Looking forward, U.S. shipments of packaging machinery are forecast to grow at a cumulative annual rate of 3.9 percent over the next three years from an estimated $4.889 billion in 2003 to $5.491 billion by 2006 in constant 2003 dollars. The aggregate forecast is based on the cumulative outlook for all of the 17 defined packaging machinery categories.
The overall packaging machinery shipment outlook is also based heavily on the following macroeconomic assumptions and expectations:
The fundamental assumption underlying the three-year growth forecast for packaging machinery shipments is that the U.S. economy will continue to grow—albeit unevenly—during the period. Following a reasonably strong 2004 (with GDP gaining in the range of 4.0 percent to 4.3 percent), economic growth is expected to moderate in 2005 (3.0 percent to 3.5 percent), and then reaccelerate in 2006 (4.2 percent to 4.6 percent).

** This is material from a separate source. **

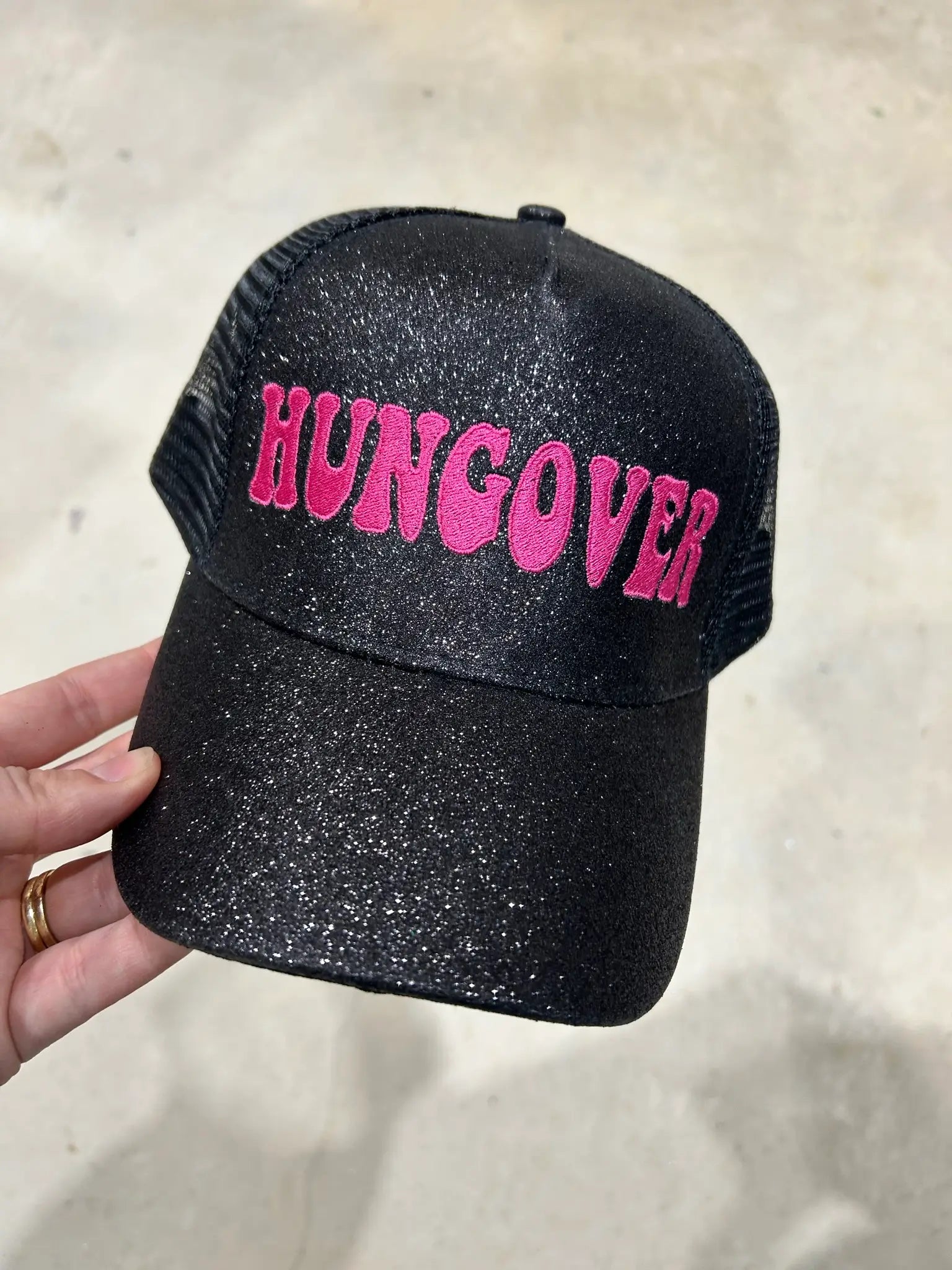 Hungover Black Glitter Cap - BIG FRENCHIES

Consumer spending will also grow unevenly, reflecting the predicted restraining effects of higher interest rates and lack of significant job creation.
On the other hand, capital spending by the business sector, typically responsible for one-third of GDP, is predicted to increase at higher rates than both the GDP and consumer spending—essentially reassuming its recent prior role as the bulwark of the economy's strength. U.S. corporations, now flush with cash, are expected to spend more heavily for new equipment in order to achieve higher productivity and efficiency in their operations. The prediction of sustained economic growth is obviously contingent on the absence of any serious exogenous events or disruptions.

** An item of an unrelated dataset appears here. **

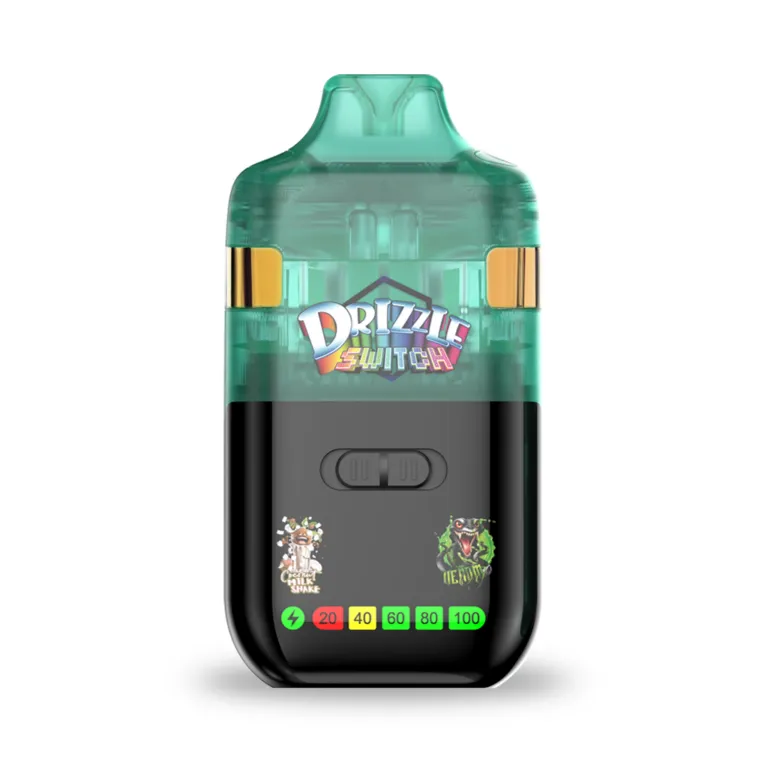 Green Drizzle 2g Switch box and device labelled Coconut Milk Shake Sativa and Venom OG Hybrid 2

Capacity utilization by U.S. manufacturing industries will continue to improve at a gradual pace early in the period and then will rise more meaningfully toward 2006. According to the Federal Reserve Board, the rate for total U.S. manufacturing stood at 76 percent at the end of August 2004. While durable products manufacturing remained low at 73.7 percent, nondurable manufacturing, which is responsible for the preponderance of packaging machinery demand, had improved to 79.3 percent, up from 76.9 percent in 2003. Utilization by the food manufacturing industries—a key indicator for the machinery market—also improved to 81.7 percent from just over 80 percent in 2003.
With the generally acknowledged trigger point for meaningful expansion-related spending pegged at roughly 82 percent to 83 percent, it is likely that capital spending will benefit as the period progresses. It is worth pointing out that, in reality, the Fed rates may be understated, because data from the Institute for Supply Management have recently shown capacity utilization more in the 80-percent range, reflecting what is believed to be a more realistic assessment by manufacturers of their current capacity measurement. The likelihood is that the numbers are somewhere in between the two. Aided by the expected continuation of a favorable U.S. dollar exchange rate for at least the near term, as well as by further improvement in world economic conditions, the U.S. export environment is expected to remain favorable during the three-year period. In line with the predicted growth of the U.S. economy accompanied by only moderate inflation, interest rates are expected to rise in gradual steps.